■ DATA FOR ANALYSIS ■

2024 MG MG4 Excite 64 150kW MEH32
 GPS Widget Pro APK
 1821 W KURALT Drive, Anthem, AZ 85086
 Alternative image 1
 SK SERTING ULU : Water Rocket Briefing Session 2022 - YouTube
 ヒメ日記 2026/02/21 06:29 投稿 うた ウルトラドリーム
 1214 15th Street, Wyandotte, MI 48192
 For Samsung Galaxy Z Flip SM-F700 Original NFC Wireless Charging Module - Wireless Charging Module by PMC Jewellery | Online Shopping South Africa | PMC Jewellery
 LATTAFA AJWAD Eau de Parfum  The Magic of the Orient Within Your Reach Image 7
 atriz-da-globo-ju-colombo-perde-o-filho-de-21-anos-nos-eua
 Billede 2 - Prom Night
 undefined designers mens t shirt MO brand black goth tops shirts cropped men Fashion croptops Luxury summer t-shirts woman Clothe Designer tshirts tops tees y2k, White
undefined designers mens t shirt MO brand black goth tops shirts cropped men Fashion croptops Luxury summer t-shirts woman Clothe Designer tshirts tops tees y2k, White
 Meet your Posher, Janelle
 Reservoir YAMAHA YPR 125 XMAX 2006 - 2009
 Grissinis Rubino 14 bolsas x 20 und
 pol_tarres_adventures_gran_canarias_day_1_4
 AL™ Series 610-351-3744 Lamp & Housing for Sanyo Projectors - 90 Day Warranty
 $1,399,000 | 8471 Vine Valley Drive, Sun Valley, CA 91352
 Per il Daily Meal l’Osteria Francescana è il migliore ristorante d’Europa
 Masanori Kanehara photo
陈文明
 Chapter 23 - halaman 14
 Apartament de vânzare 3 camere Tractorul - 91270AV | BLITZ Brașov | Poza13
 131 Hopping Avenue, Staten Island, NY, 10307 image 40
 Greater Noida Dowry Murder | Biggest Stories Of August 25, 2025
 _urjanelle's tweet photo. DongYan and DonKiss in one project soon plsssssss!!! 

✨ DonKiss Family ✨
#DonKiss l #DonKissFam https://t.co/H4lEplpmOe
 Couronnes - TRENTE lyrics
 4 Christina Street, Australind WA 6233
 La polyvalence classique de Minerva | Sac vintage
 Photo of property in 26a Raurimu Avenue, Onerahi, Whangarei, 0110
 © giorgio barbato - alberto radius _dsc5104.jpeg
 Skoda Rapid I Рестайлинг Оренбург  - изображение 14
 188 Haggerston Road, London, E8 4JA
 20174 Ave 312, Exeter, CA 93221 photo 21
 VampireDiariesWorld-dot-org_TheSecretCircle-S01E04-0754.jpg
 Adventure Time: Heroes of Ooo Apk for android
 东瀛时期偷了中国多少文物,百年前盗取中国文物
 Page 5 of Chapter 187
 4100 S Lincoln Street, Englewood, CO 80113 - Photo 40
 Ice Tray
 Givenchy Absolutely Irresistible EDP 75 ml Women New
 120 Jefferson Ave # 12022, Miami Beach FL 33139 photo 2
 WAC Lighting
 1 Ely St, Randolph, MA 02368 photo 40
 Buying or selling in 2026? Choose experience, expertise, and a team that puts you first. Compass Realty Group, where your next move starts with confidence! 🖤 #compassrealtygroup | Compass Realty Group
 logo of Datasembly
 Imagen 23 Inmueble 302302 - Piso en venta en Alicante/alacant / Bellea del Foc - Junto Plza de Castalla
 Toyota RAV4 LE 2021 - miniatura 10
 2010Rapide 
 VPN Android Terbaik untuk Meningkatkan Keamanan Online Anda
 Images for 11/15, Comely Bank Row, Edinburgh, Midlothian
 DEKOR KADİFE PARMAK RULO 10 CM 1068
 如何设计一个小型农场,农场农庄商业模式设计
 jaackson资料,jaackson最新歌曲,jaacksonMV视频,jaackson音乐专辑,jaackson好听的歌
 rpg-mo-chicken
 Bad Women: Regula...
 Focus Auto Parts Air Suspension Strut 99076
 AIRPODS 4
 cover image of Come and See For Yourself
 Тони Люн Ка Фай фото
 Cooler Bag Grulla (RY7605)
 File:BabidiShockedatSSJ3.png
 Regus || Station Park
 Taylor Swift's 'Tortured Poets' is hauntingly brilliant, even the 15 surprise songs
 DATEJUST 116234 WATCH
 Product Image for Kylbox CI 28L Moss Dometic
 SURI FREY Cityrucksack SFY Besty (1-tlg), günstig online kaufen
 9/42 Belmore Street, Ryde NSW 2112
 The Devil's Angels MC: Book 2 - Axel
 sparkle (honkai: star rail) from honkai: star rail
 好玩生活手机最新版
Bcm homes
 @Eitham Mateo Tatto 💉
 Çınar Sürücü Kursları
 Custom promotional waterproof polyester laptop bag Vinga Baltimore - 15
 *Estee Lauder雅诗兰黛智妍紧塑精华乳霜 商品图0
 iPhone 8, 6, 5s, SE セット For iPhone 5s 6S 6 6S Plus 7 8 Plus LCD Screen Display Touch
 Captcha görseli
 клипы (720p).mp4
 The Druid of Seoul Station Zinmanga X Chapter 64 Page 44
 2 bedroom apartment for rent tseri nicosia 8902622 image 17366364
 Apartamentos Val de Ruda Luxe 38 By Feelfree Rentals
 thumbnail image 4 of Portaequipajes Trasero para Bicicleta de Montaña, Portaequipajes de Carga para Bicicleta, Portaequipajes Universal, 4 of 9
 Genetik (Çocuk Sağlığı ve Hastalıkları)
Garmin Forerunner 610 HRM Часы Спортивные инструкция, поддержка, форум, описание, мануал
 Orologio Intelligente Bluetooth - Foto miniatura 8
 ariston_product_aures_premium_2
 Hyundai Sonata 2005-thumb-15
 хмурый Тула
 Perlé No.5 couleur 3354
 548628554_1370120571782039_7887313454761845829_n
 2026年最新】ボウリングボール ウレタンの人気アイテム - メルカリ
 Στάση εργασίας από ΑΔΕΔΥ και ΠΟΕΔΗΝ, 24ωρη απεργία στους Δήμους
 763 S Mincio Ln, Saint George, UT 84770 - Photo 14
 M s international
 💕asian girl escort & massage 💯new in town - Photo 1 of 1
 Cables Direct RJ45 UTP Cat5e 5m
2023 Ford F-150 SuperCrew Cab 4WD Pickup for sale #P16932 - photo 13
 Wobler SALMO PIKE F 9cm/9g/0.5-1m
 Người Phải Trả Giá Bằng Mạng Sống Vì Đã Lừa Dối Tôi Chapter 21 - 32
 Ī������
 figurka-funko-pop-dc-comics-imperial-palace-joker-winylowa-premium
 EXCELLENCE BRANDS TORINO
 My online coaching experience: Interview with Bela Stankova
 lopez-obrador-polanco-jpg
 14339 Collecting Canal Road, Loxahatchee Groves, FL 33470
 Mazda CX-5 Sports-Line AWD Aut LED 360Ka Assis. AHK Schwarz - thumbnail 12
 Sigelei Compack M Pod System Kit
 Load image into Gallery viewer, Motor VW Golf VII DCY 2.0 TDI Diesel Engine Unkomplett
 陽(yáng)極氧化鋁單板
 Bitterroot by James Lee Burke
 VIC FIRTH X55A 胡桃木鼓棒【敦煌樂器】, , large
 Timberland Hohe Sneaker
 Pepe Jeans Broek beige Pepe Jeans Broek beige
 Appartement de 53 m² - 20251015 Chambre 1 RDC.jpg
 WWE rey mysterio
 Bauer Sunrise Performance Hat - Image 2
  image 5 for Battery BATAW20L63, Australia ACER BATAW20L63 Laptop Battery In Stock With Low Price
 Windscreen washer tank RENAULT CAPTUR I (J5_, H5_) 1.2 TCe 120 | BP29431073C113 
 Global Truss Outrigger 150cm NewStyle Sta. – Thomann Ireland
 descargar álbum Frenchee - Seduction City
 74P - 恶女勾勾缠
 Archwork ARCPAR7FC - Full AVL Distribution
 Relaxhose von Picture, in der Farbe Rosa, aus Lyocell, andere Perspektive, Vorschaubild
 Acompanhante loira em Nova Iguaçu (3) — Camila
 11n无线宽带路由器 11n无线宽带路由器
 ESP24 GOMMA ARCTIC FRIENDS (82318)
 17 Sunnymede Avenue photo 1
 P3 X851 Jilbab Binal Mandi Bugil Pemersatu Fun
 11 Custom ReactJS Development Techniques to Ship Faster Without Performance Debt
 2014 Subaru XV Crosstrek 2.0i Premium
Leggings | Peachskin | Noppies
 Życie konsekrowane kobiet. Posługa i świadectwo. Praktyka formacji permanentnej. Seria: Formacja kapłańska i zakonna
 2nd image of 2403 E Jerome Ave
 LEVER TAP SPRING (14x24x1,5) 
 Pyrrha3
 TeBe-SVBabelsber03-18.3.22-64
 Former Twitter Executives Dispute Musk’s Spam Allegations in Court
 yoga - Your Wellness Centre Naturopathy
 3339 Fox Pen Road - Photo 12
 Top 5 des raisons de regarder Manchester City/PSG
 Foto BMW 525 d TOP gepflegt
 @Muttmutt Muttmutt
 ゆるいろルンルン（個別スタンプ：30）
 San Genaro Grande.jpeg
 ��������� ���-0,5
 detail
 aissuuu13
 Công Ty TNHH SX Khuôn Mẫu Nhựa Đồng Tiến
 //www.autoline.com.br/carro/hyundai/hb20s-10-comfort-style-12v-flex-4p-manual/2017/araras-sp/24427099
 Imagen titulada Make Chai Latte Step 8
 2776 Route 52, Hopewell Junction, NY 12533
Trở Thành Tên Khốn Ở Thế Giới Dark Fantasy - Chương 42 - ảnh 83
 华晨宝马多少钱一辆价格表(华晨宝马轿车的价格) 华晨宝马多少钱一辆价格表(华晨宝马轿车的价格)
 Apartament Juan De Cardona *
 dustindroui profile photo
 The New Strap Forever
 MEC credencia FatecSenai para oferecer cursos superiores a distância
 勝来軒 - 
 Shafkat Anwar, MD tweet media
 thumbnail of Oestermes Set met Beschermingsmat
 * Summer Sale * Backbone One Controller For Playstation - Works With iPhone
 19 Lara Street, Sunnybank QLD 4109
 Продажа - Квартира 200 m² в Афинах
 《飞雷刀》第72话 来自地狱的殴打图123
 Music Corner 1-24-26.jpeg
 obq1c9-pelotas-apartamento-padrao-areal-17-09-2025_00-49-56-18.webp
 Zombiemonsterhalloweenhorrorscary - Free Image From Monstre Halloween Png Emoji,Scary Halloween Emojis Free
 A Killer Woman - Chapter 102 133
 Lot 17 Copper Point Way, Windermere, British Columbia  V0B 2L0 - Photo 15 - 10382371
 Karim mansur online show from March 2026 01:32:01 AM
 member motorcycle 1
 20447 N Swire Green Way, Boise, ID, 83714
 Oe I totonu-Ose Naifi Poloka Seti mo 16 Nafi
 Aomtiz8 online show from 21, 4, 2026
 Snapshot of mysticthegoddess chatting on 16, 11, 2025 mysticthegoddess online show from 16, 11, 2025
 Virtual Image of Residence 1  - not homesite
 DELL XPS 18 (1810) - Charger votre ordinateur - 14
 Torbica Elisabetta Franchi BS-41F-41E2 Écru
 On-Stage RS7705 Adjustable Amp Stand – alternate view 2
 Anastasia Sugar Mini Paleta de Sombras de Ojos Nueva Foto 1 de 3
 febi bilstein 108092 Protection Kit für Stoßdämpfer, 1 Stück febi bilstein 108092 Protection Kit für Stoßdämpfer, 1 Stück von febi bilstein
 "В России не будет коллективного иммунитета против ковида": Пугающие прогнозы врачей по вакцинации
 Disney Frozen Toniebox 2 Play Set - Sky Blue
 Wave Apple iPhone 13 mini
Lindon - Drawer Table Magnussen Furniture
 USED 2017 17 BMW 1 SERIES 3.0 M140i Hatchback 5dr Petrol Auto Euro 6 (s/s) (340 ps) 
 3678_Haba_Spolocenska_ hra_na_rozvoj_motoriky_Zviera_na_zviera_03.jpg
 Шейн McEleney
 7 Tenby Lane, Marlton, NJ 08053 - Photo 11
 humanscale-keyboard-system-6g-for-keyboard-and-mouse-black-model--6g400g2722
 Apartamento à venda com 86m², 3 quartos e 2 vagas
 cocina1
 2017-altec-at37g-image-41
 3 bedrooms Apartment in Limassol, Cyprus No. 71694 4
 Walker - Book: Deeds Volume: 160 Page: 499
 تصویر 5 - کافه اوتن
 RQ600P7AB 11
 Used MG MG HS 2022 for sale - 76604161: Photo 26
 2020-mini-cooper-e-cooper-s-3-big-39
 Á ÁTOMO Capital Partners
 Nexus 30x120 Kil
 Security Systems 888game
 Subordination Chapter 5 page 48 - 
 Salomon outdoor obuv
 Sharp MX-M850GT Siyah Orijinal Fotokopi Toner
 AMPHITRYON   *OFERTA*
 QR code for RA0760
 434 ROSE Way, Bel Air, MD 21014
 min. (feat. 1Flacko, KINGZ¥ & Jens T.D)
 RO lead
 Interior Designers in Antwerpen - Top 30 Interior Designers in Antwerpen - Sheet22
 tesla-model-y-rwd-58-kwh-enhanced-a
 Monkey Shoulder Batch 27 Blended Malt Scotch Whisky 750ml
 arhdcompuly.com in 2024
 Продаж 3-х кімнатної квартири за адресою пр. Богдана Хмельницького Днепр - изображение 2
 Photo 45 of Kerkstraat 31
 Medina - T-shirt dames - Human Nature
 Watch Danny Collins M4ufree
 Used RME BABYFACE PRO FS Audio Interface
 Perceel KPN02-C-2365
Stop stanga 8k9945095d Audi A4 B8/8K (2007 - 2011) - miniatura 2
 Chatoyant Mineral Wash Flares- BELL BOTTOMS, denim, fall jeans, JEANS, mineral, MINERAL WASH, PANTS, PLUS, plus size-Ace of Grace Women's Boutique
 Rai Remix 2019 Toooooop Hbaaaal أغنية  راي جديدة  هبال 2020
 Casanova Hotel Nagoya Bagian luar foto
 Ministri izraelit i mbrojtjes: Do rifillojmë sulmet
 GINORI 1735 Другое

■ YOUR GOAL ■
Each line of the records with the word "Road" in it is to be copied.

■ EXERCISE RESULT ■
 188 Haggerston Road, London, E8 4JA
 14339 Collecting Canal Road, Loxahatchee Groves, FL 33470
 3339 Fox Pen Road - Photo 12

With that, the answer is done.